*Image-caption web data:*
# # # # # # #

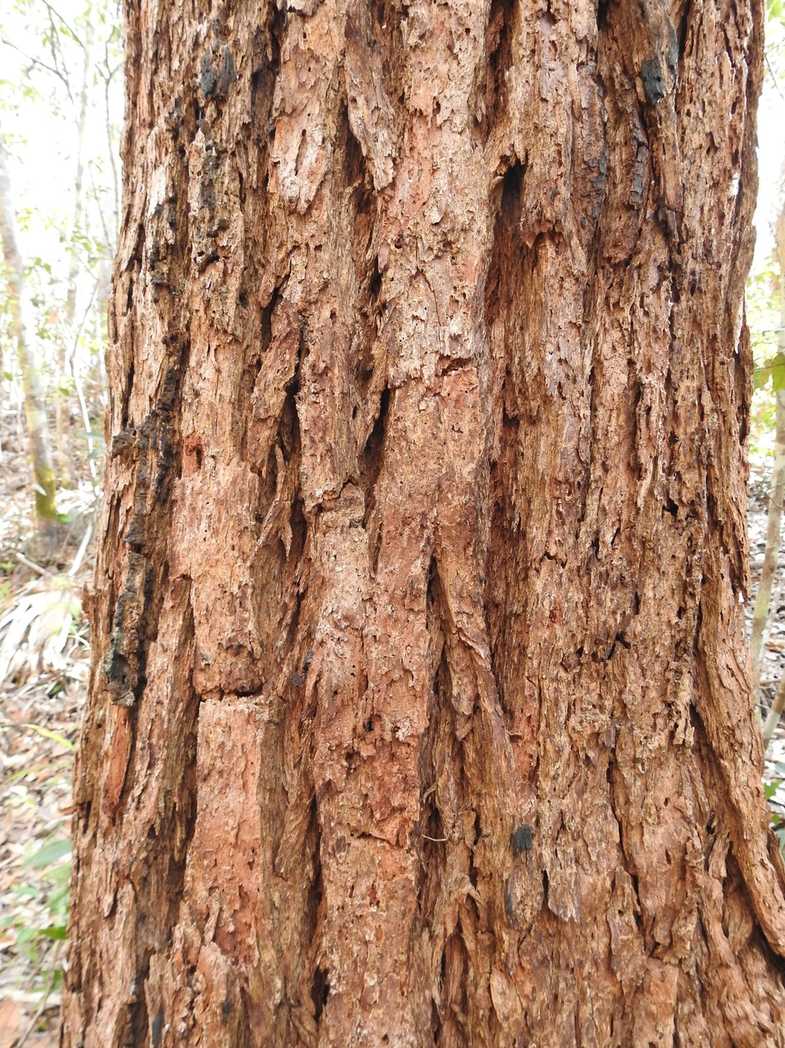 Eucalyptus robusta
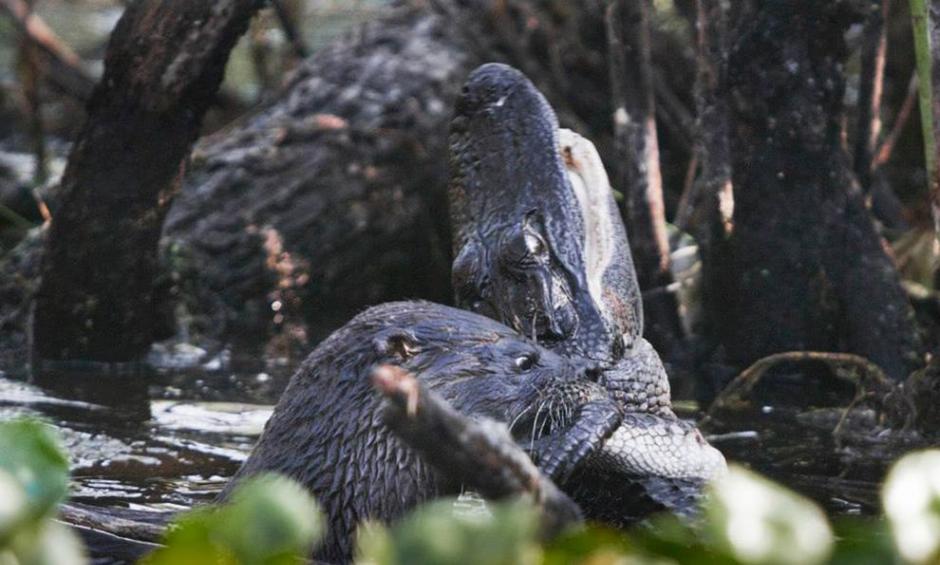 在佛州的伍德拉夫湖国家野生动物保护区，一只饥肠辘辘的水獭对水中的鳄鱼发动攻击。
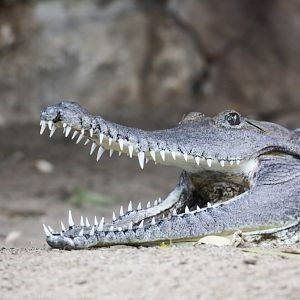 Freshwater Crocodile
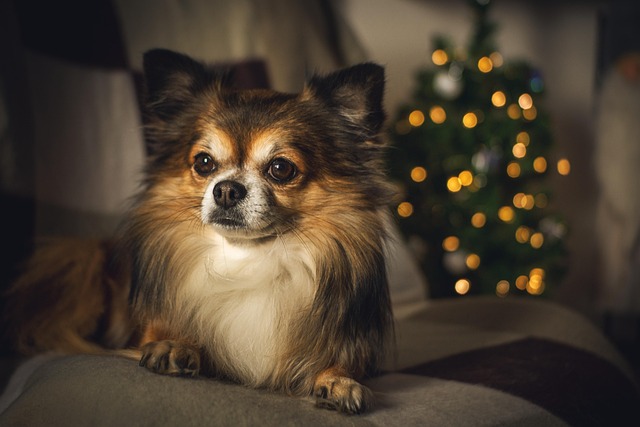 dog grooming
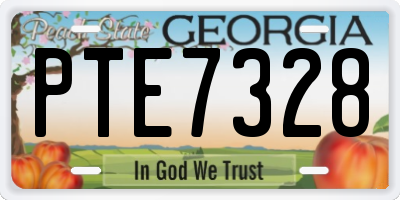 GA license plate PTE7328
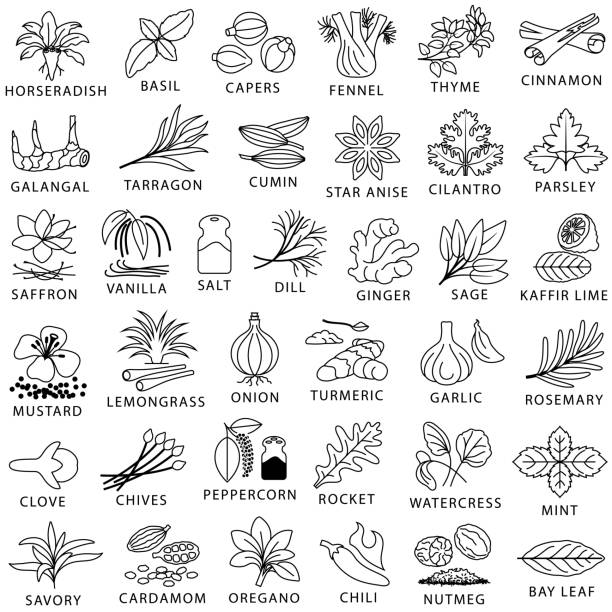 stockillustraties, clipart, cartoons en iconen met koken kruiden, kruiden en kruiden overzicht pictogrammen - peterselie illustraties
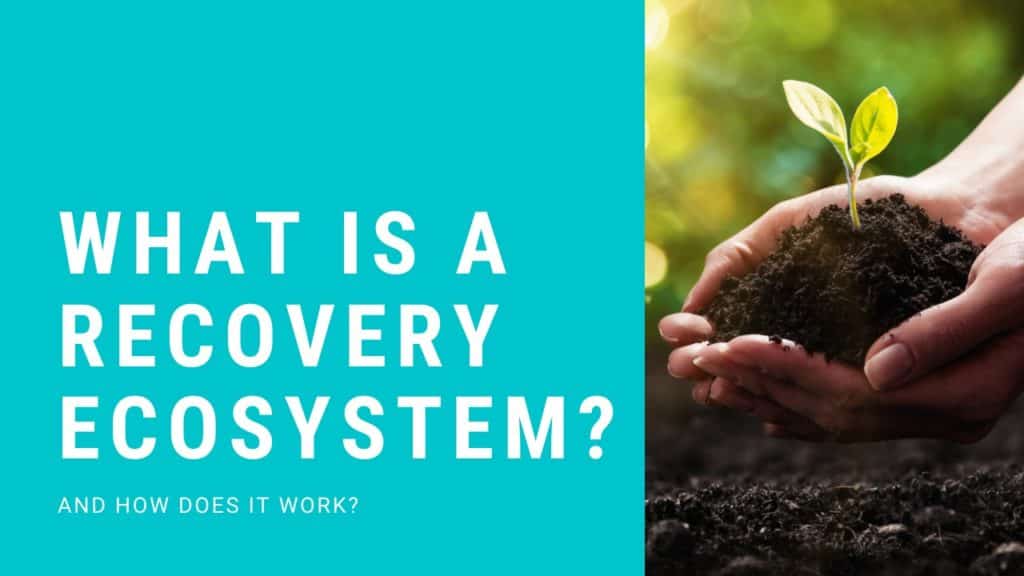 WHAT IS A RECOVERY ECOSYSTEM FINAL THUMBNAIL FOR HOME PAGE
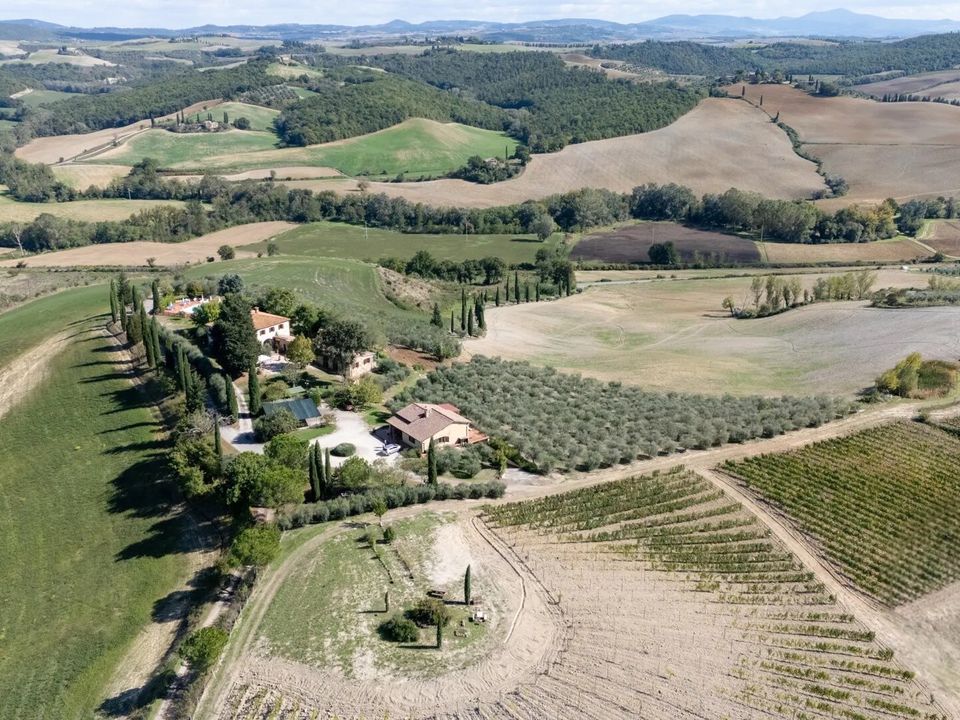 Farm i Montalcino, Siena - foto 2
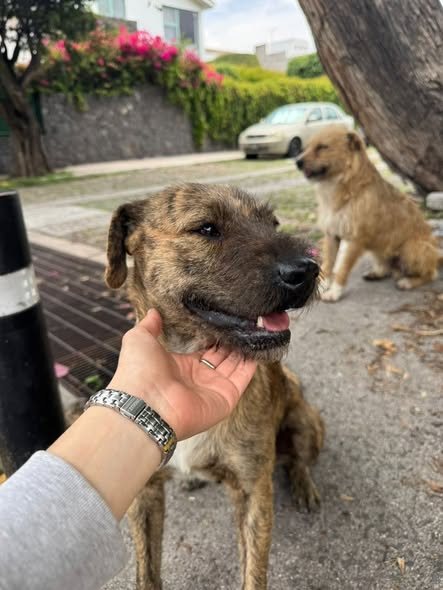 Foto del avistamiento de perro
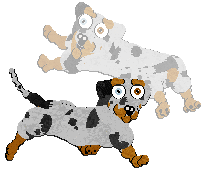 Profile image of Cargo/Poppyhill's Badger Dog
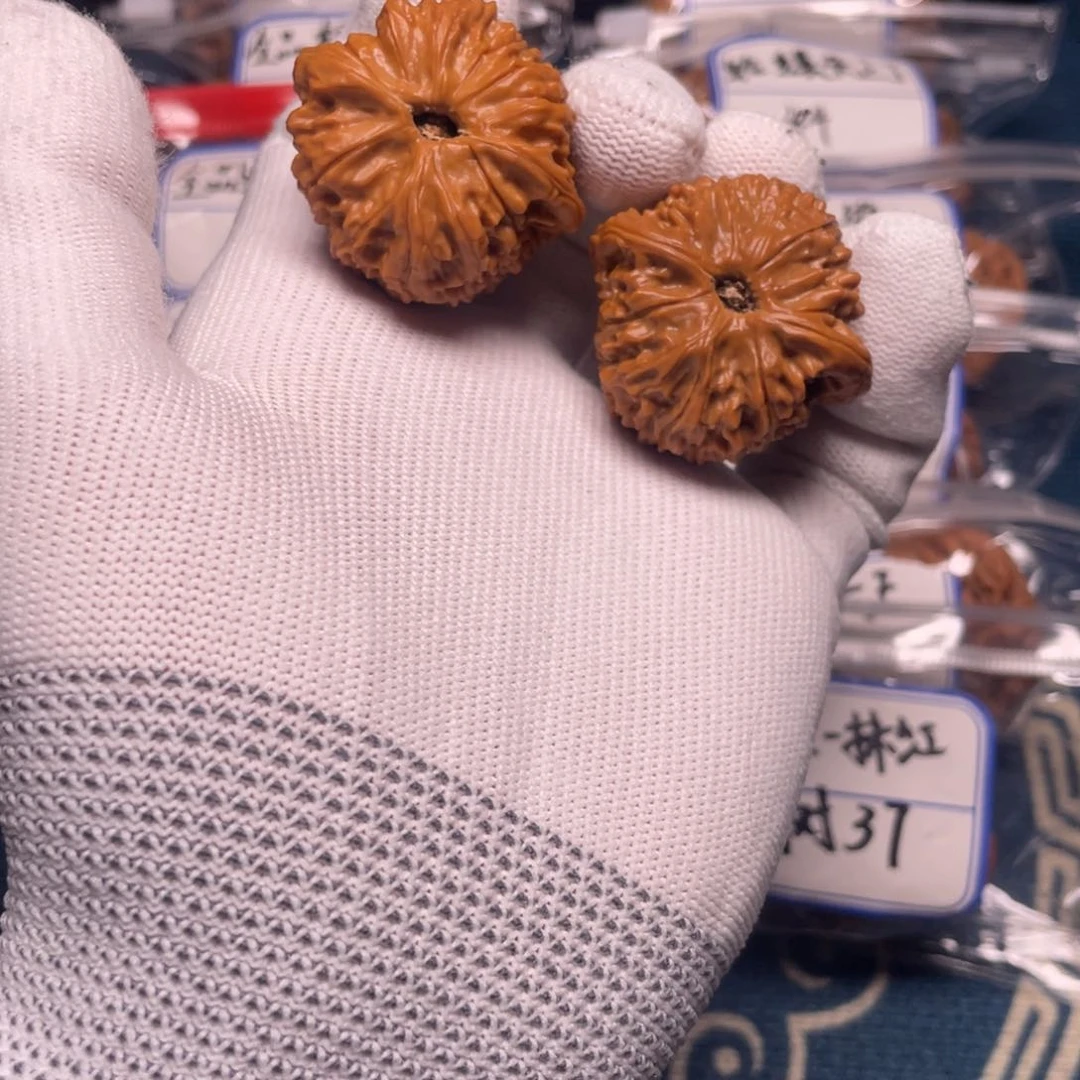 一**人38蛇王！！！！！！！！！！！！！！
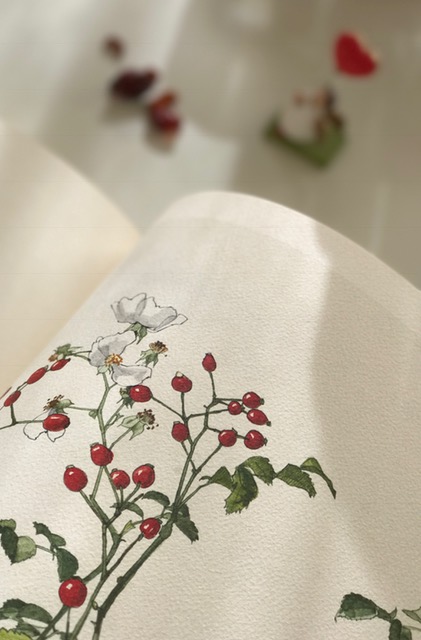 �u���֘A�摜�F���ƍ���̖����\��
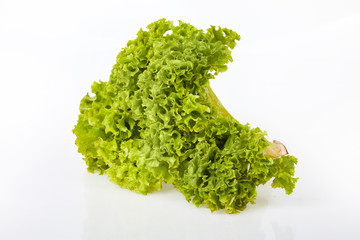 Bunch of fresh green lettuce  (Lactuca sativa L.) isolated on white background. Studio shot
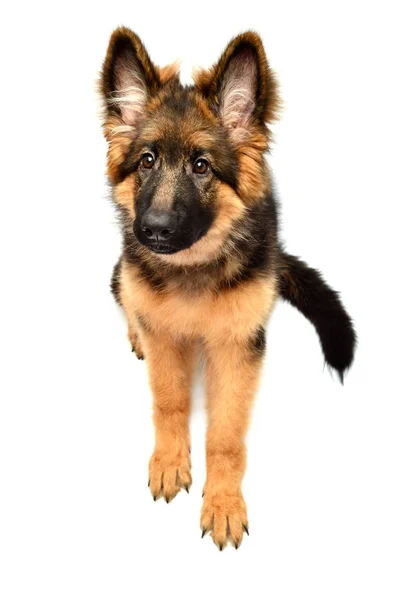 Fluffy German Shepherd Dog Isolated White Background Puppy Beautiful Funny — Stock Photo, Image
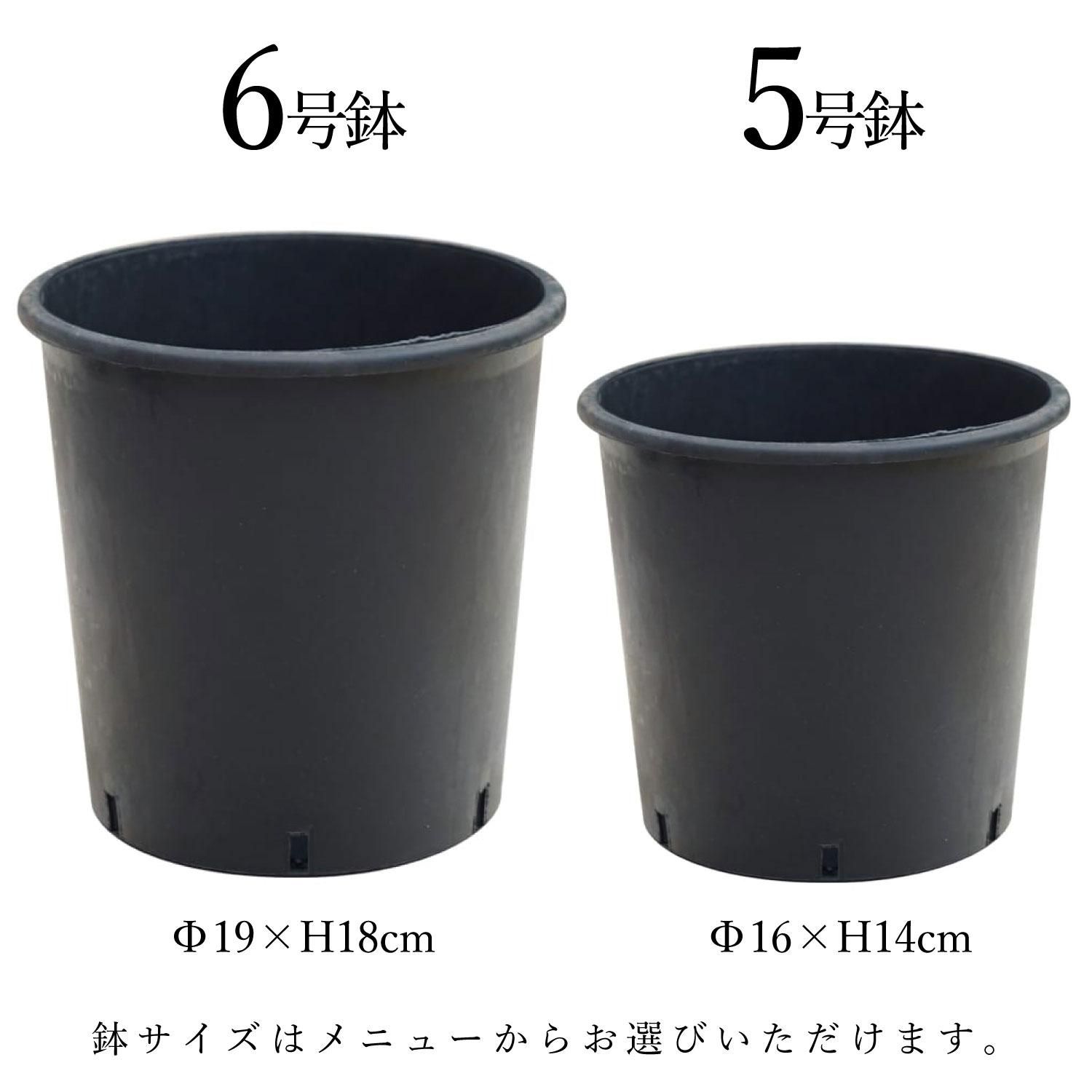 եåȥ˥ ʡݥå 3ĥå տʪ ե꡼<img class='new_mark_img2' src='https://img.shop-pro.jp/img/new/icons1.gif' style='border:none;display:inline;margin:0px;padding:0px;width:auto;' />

# # # # # # #

*Your objective:* A faithful copy of the entries above is needed, one that contains no images.

*Output for this task:*
 Eucalyptus robusta
 在佛州的伍德拉夫湖国家野生动物保护区，一只饥肠辘辘的水獭对水中的鳄鱼发动攻击。
 Freshwater Crocodile
 dog grooming
 GA license plate PTE7328
 stockillustraties, clipart, cartoons en iconen met koken kruiden, kruiden en kruiden overzicht pictogrammen - peterselie illustraties
 WHAT IS A RECOVERY ECOSYSTEM FINAL THUMBNAIL FOR HOME PAGE
 Farm i Montalcino, Siena - foto 2
 Foto del avistamiento de perro
 Profile image of Cargo/Poppyhill's Badger Dog
 一**人38蛇王！！！！！！！！！！！！！！
 �u���֘A�摜�F���ƍ���̖����\��
 Bunch of fresh green lettuce  (Lactuca sativa L.) isolated on white background. Studio shot
 Fluffy German Shepherd Dog Isolated White Background Puppy Beautiful Funny — Stock Photo, Image
 եåȥ˥ ʡݥå 3ĥå տʪ ե꡼<img class='new_mark_img2' src='https://img.shop-pro.jp/img/new/icons1.gif' style='border:none;display:inline;margin:0px;padding:0px;width:auto;' />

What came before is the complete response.